Collected material →
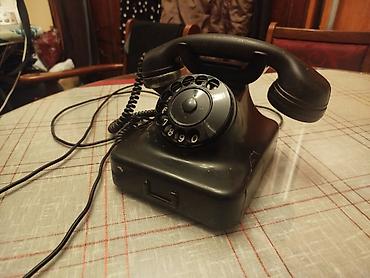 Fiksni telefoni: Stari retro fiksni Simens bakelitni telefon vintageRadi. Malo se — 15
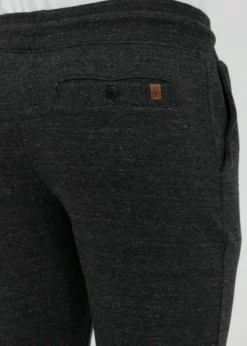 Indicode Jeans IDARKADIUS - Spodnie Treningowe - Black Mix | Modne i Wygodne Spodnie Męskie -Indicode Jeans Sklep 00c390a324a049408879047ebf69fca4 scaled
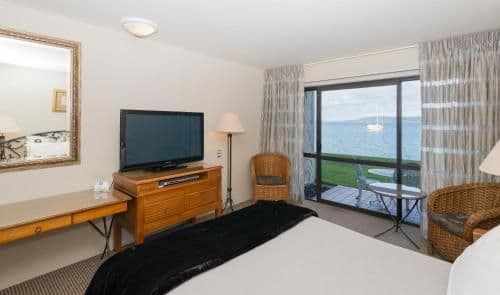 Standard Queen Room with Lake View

What is being asked → The expected answer consists solely of the lines from the one with "Indicode Jeans IDARKADIUS" through the last line of the listing above, restated exactly, minus any pictures.

Task response →
 Indicode Jeans IDARKADIUS - Spodnie Treningowe - Black Mix | Modne i Wygodne Spodnie Męskie -Indicode Jeans Sklep 00c390a324a049408879047ebf69fca4 scaled
 Standard Queen Room with Lake View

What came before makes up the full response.